[Excerpts from a dataset]
=-=-=-=-=

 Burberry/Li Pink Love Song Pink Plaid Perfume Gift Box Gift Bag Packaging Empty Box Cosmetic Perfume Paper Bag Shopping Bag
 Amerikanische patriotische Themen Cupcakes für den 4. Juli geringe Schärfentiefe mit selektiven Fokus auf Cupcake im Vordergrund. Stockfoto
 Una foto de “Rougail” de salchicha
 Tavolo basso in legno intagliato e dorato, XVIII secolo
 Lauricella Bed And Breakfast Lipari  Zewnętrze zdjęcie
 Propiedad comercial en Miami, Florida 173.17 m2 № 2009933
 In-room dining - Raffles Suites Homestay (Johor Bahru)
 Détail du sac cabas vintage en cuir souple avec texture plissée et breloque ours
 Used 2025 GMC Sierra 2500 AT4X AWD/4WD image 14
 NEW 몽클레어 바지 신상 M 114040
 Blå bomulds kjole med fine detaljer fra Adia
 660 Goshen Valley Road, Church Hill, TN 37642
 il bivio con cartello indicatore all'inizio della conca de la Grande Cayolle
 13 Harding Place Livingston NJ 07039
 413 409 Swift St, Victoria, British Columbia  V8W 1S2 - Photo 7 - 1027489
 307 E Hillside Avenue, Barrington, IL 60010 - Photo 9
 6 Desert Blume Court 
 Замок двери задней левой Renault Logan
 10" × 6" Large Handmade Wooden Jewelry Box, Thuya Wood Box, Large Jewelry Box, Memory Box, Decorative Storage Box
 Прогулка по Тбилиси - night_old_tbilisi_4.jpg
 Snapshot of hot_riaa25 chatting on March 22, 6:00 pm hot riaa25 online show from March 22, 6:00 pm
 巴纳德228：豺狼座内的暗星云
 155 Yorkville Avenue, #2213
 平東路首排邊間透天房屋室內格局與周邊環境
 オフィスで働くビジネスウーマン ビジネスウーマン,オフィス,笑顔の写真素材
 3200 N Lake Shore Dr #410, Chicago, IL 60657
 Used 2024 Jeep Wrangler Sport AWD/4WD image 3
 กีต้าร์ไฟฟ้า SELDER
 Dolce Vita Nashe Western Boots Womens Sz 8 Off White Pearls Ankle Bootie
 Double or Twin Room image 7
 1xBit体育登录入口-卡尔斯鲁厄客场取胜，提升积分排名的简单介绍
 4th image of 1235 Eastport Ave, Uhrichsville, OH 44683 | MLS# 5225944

=-=-=-=-=

Exercise prompt:
Copy out each entry above with no deviation.

Output:
 Burberry/Li Pink Love Song Pink Plaid Perfume Gift Box Gift Bag Packaging Empty Box Cosmetic Perfume Paper Bag Shopping Bag
 Amerikanische patriotische Themen Cupcakes für den 4. Juli geringe Schärfentiefe mit selektiven Fokus auf Cupcake im Vordergrund. Stockfoto
 Una foto de “Rougail” de salchicha
 Tavolo basso in legno intagliato e dorato, XVIII secolo
 Lauricella Bed And Breakfast Lipari  Zewnętrze zdjęcie
 Propiedad comercial en Miami, Florida 173.17 m2 № 2009933
 In-room dining - Raffles Suites Homestay (Johor Bahru)
 Détail du sac cabas vintage en cuir souple avec texture plissée et breloque ours
 Used 2025 GMC Sierra 2500 AT4X AWD/4WD image 14
 NEW 몽클레어 바지 신상 M 114040
 Blå bomulds kjole med fine detaljer fra Adia
 660 Goshen Valley Road, Church Hill, TN 37642
 il bivio con cartello indicatore all'inizio della conca de la Grande Cayolle
 13 Harding Place Livingston NJ 07039
 413 409 Swift St, Victoria, British Columbia  V8W 1S2 - Photo 7 - 1027489
 307 E Hillside Avenue, Barrington, IL 60010 - Photo 9
 6 Desert Blume Court 
 Замок двери задней левой Renault Logan
 10" × 6" Large Handmade Wooden Jewelry Box, Thuya Wood Box, Large Jewelry Box, Memory Box, Decorative Storage Box
 Прогулка по Тбилиси - night_old_tbilisi_4.jpg
 Snapshot of hot_riaa25 chatting on March 22, 6:00 pm hot riaa25 online show from March 22, 6:00 pm
 巴纳德228：豺狼座内的暗星云
 155 Yorkville Avenue, #2213
 平東路首排邊間透天房屋室內格局與周邊環境
 オフィスで働くビジネスウーマン ビジネスウーマン,オフィス,笑顔の写真素材
 3200 N Lake Shore Dr #410, Chicago, IL 60657
 Used 2024 Jeep Wrangler Sport AWD/4WD image 3
 กีต้าร์ไฟฟ้า SELDER
 Dolce Vita Nashe Western Boots Womens Sz 8 Off White Pearls Ankle Bootie
 Double or Twin Room image 7
 1xBit体育登录入口-卡尔斯鲁厄客场取胜，提升积分排名的简单介绍
 4th image of 1235 Eastport Ave, Uhrichsville, OH 44683 | MLS# 5225944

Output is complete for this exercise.